5.7 Vergoeding toezichtkosten

Een respondent stelt een vraag over de hoogte van de vergoeding voor de toezichtkosten van de RDI voor de 3,5 GHz-band. Spoedig na de veiling van de 3,5 GHz-band worden de vergunningen verleend. De hoeveelheid te veilen frequentieruimte is in totaal maximaal 300 MHz. Dit kan voor de RDI een toename in de totale opbrengsten van categorie I.A.5 betekenen, terwijl de werkzaamheden niet in dezelfde verhouding toenemen.

Deze vraag heeft geleid tot een wijziging van de Regeling vergoedingen Rijksinspectie Digitale Infrastructuur 2024 door middel van de veilingregeling. Hierbij is de jaarlijkse vergoeding in die subcategorie verlaagd.

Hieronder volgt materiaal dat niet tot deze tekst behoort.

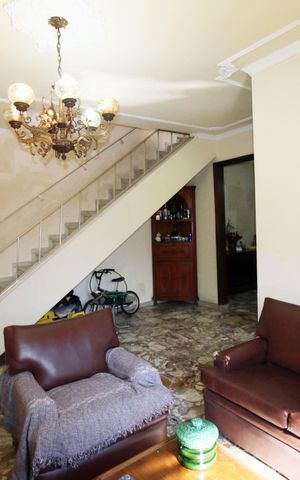 Casa à venda com 480m², 2 quartos e 5 vagasSala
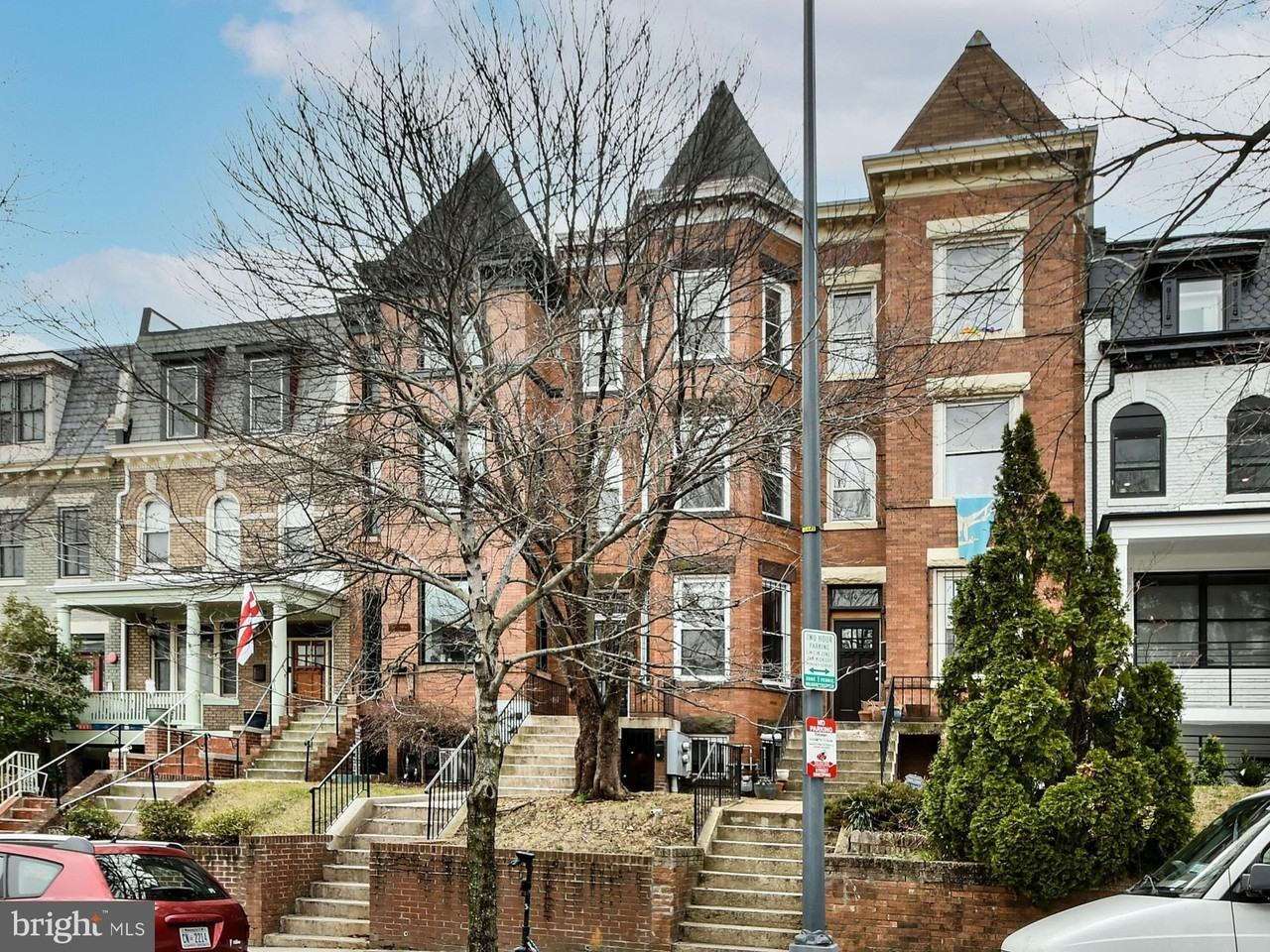 1208 Fairmont St Nw - Photo 3 of 47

5.8 Eventuele wijziging indeling 3400 – 3800 MHz band na 2030

Enkele respondenten hebben opmerkingen gemaakt over het voorschrift van artikel 2, derde lid, van de ontwerpvergunningen. In artikel 2, derde lid, van de ontwerpvergunningen was – kort gezegd – bepaald dat vergunninghouders geen recht op compensatie zouden hebben als de Minister na de aangekondigde evaluatie van de bandindeling zou besluiten dat er een zogenoemde ‘schuif naar beneden’ plaats zou moeten vinden. Deze respondenten waren van mening dat dit een onredelijk voorschrift was dat geen plaats zou moeten krijgen in de definitieve vergunningen.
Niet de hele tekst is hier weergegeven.